Brady served in the U.S. Marine Corps from 1955 through 1959. Afterwards, he worked at a post office of the United States Postal Service from 1960 through 1966; and worked for the Chrysler Corporation in 1967 and 1968.

Brady attended the University of Delaware from 1968 through 1972, graduating with both a Master of Education in counseling and a Bachelor of Arts in history. During the same years, he worked at the Sun Oil Company. Brady later attended the Delaware Law School from 1978 to 1982, receiving a Juris Doctor.

From 1972 through 2006, Brady worked as an educator in the school districts of New Castle County, including as a visiting teacher in the Brandywine School District. He was also an instructor for the New Castle Parks & Recreation.

Brady was a resident of Claymont, Delaware. His civic work included coaching in the Claymont Independent League, and serving as a member of the Budget Oversight Committee of the Reach Academy for Girls (a charter school which opened in 2010, but was put on probation by the state in 2011 and which closed in 2014). He was also a member of the Naamans Heritage Society, Claymont Lions Club, Claymont Library Fundraising Committee, Claymont Historical Society, Claymont Centennial Committee, Center Green Civic Association, Adult & Community Education Association of Delaware.

==Politics==

From 1982 to 2002, Brady served as a member of the Delaware House of Representatives, representing the 8th district as a Democrat.

Brady first won election in 1982, defeating incumbent Republican state representative James F. Edwards. The 1982 Delaware state legislative elections were closely contested, and Brady's election was one of six state house victories that allowed Democrats to flip control of the chamber. The elections were the first following a redistricting that followed the 1980 United States census, and Republicans blamed their losses on the new maps.

After the redistricting which followed the 2000 United States census, Brady found himself drawn into the 7th district. He unsuccessfully ran for re-election that district, but was defeated in the general election by its incumbent, Wayne A. Smith (a Republican, and the then-incumbent majority leader). Brady received 47% of the vote to Smith's 52%, with Libertarian nominee Barbara Beeghly receiving 1%. The coinciding race in the new version of the 8th district, which Brady was drawn out of, saw the election of Democrat Bethany Hall-Long.

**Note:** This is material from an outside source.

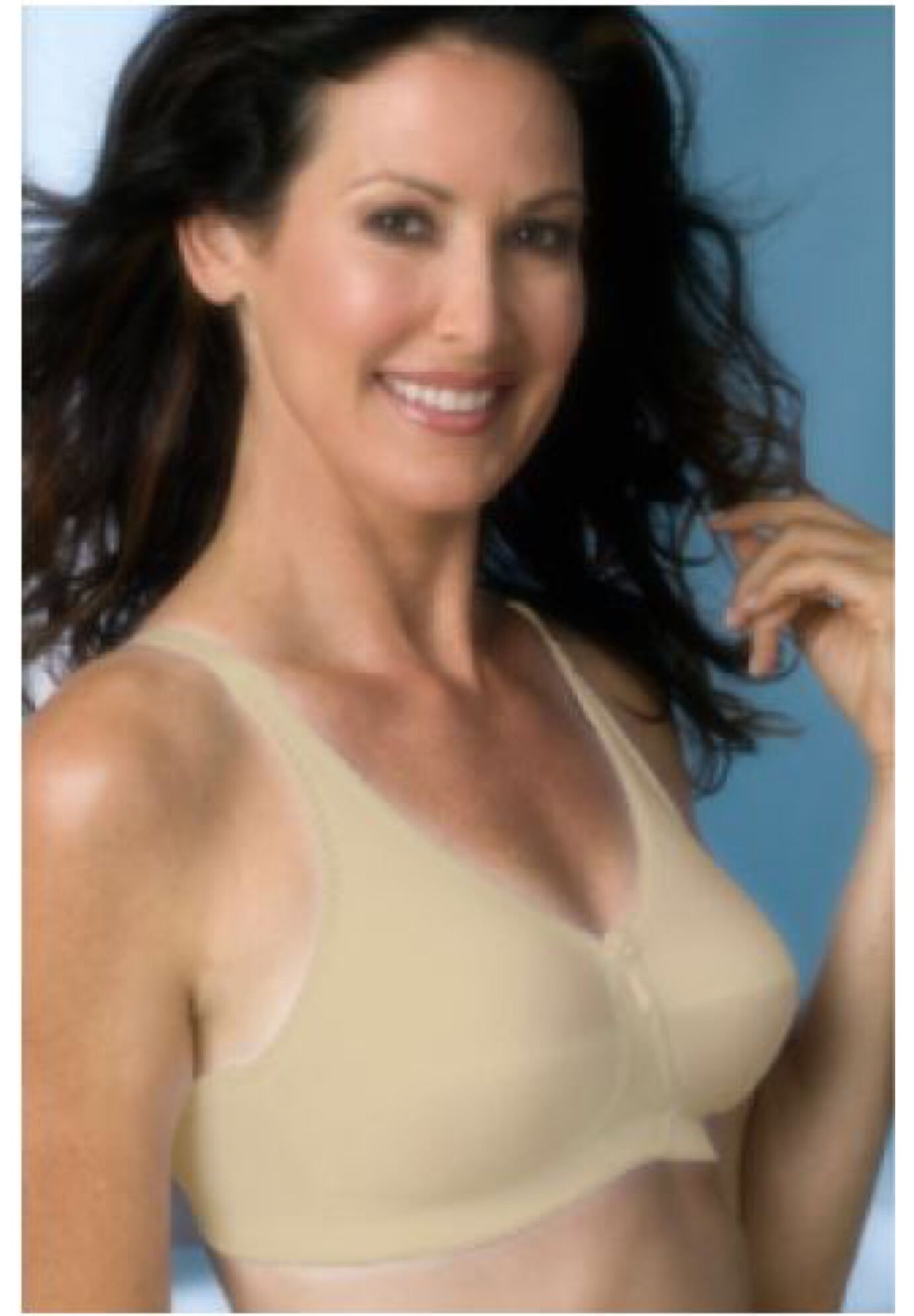 Jodee Elegant Bra, BEIGE, hi-res image number 0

Brady unsuccessfully sought to return to elected office in 2012, unsuccessfully challenging incumbent state representative Harris McDowell III in the Democratic primary for the district 1 seat of the Delaware Senate. In 2016, he unsuccessfully challenged incumbent Bryon Short in the Democratic primary for the district 7 seat in the Delaware House of Representatives. Originally, Short was forgoing re-election to the state house that year in order to run for U.S. Congress, and Brady was one of three running in the primary to succeed him. However, Short ultimately sought re-election, and Brady was the only candidate who remained in the race to challenge him. In 2022, he unsuccessfully ran for the district 8 seat in the Delaware House of Representatives.

==Death==
Brady died at his home on April 17, 2023. Among his survivors was his widow, Carol Ann Brady, and their three children.